We’re not that posh

A fever seemed to descend upon Los Angeles last month when the Galaxy announced that David Beckham would be moving from Real Madrid to Los Angeles’ resident soccer team. However, it was his wife, Victoria “Posh Spice” Beckham, who jumped on to the L.A. scene while shopping for a house.
The Washington Post reported last month that Mrs. Beckham was also interested in finding a school for one of her sons, Brooklyn Beckham. Harvard-Westlake — suggested to Mrs. Beckham by none other than Katie Holmes — was at the top of her list.

Now, as one of the premier schools in the Los Angeles area, it seems natural that celebrities would seek out Harvard-Westlake for their high-profile kids.
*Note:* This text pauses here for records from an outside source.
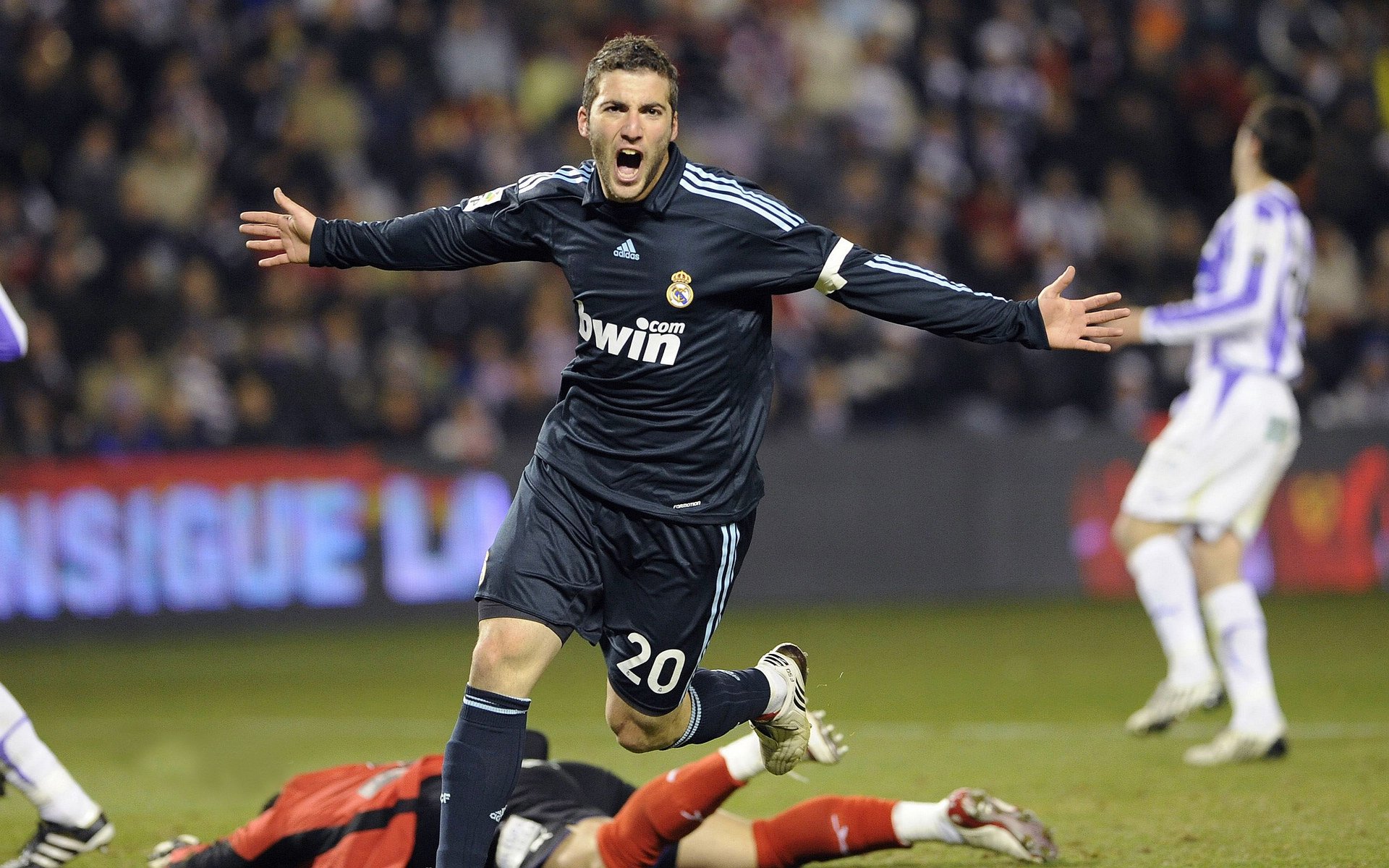 冰与火的交响，厄德高在冰岛对阵加拿大之战中定义全场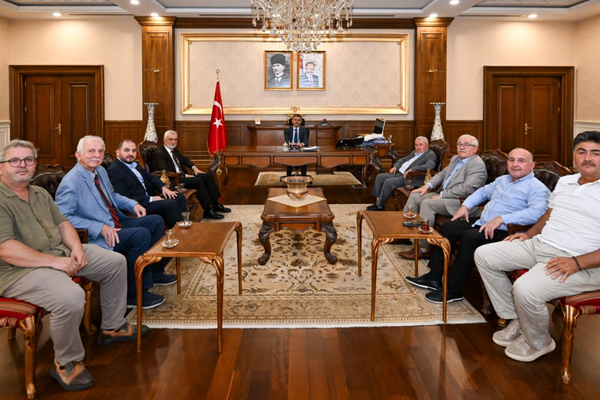 Kocaeli Eğitim Gönüllüleri Derneği Başkanı Utaş ve yönetimi, Vali Aktaş'ı ziyaret etti
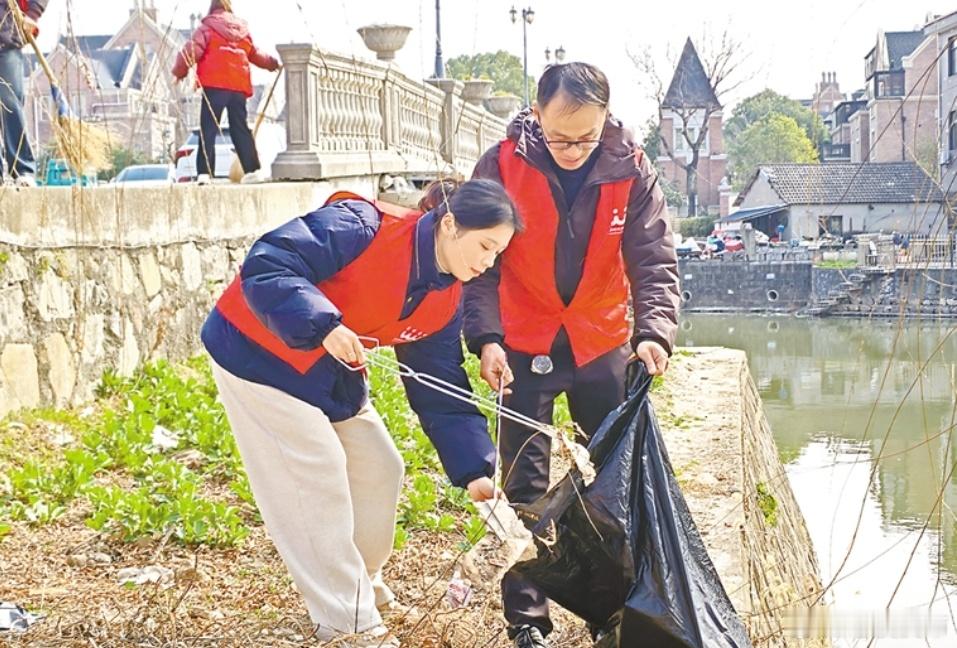 环保志愿者[超话]   最美志愿者 【守护一江碧水】近日，宗汉街道桃园江社区组织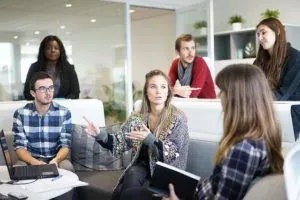 Team meeting in office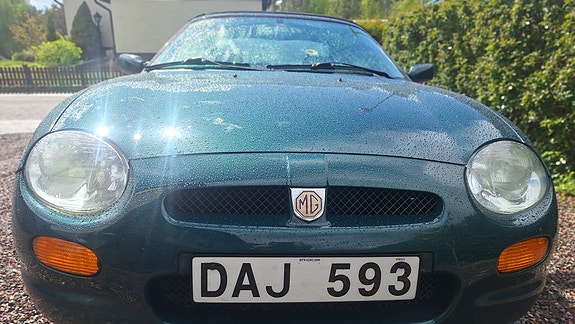 MG F 8 of 12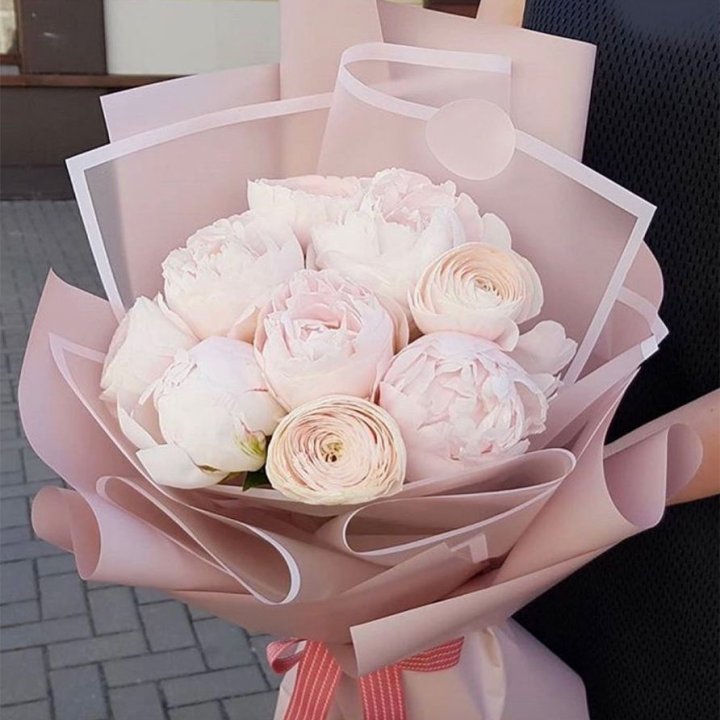 Пионы и ранункулюсы в Ижевске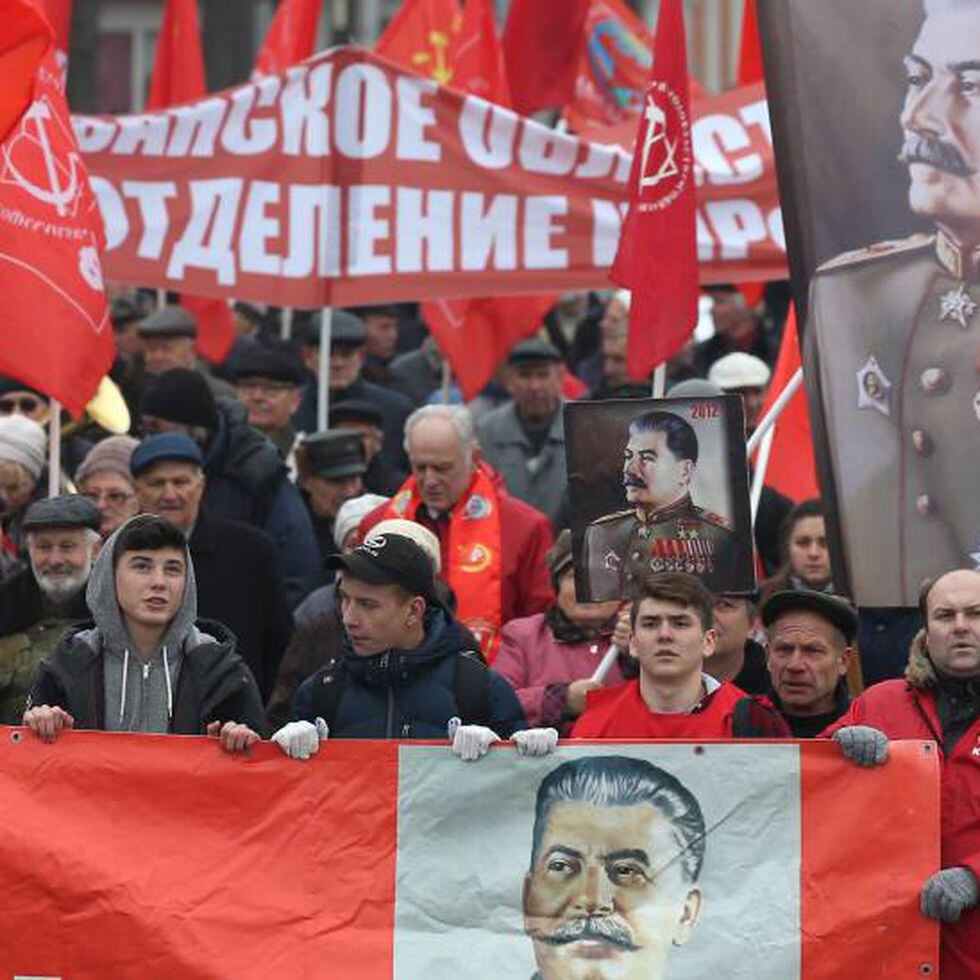Comunistas russos pedem reconhecimento das Repúblicas Populares de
One problem: the eldest Beckham son is 7 years old, a full four years away from even being eligible to apply.

Whether this is an honest mistake or a Rorschach-esque vision (brought on by a severe case of “affluenza”), the public perception of our school as nothing more than a haven for spoiled celebrity children is what truly worries me.

Having a $20,000-plus tuition and perhaps the most selective high school admission office in the Los Angeles area certainly encourages the exclusive mystique surrounding our school. That is a reputation inherently tied to our status as an independent school. For better or worse, we cannot distance ourselves from that.
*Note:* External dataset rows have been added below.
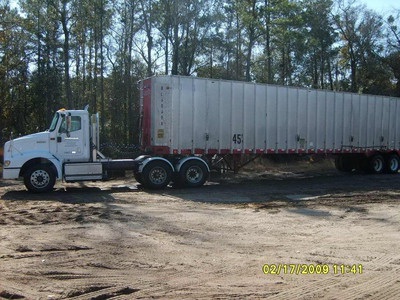 01 International Truck & chip trailer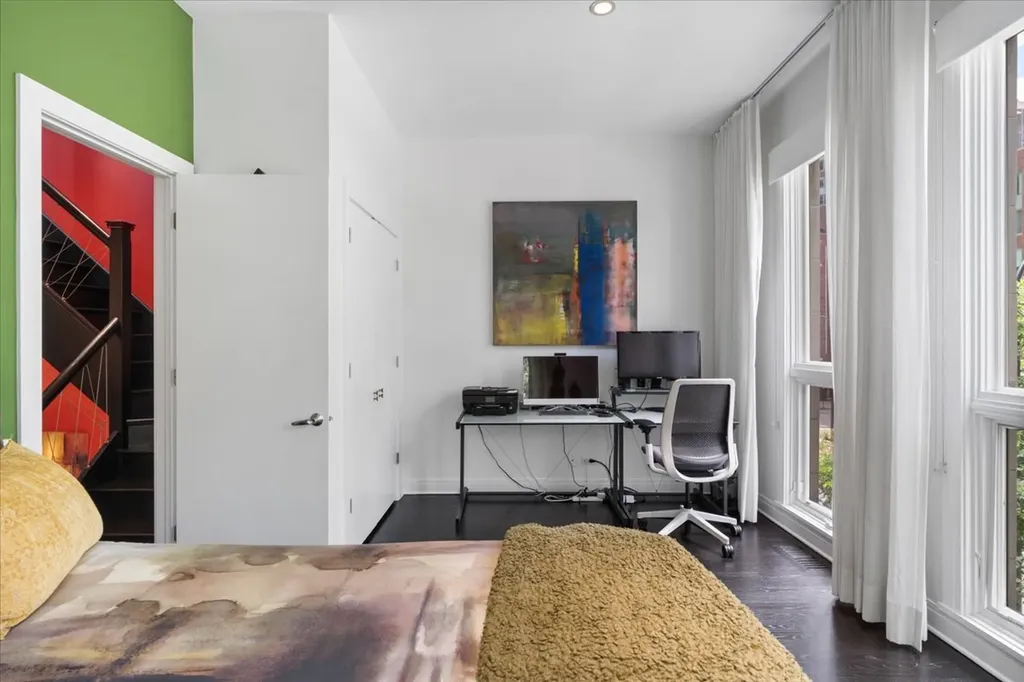 447 North Mcclurg Court Chicago IL 60611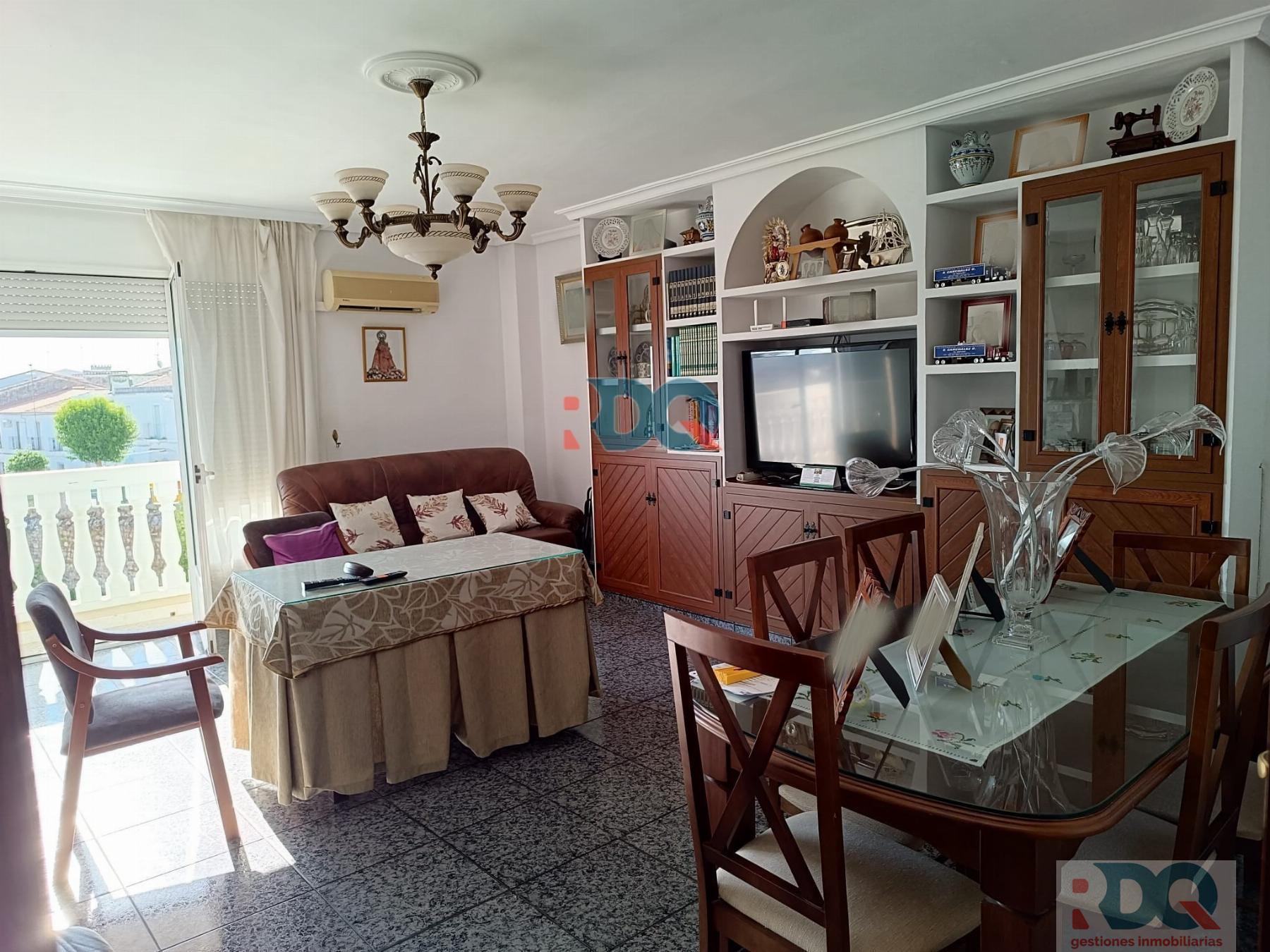 For sale of flat in Alburquerque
Exempting ourselves from this purely country club image is the more intellectual and hardworking character of our students. We clearly do not spend our days lounging around on a deck with mixed drinks.

Nevertheless, the public perception of us seems to be that we are no more than the indulged children of Hollywood socialites.

Sometimes we certainly do fit the bill. Our gossip could have been taken out of the hottest tabloids, with some students finding a similar vice as their favorite movie stars (who they might as well be acquainted with).

“So how can this be changed?” you ask.
I propose nothing too radical or farfetched, just some dignity and respect for the tradition of prestige that our school attempts to embody. We can all try to represent Harvard-Westlake a little better in the public eye.

While the school should not, by any means, expunge the records of unexcused absences for anyone who steps out of line in order to preserve its reputation, we can all make our own decision to hold ourselves with a little more pride and set a high standard of dignified behavior among all our peers.
Being given the opportunity to study at such a fine institution would be all but sullied, even by the best of students, through disrespect for the rest of the world.

Yes, it is preachy, but every so often, we need to be reminded of this.
Do we really want to be perceived as Dolce & Gabanna-wearing, Mercedes-driving, latte-drinking, Blackberries-glued-to-our-ear, rich kids?
Or does that already sound familiar?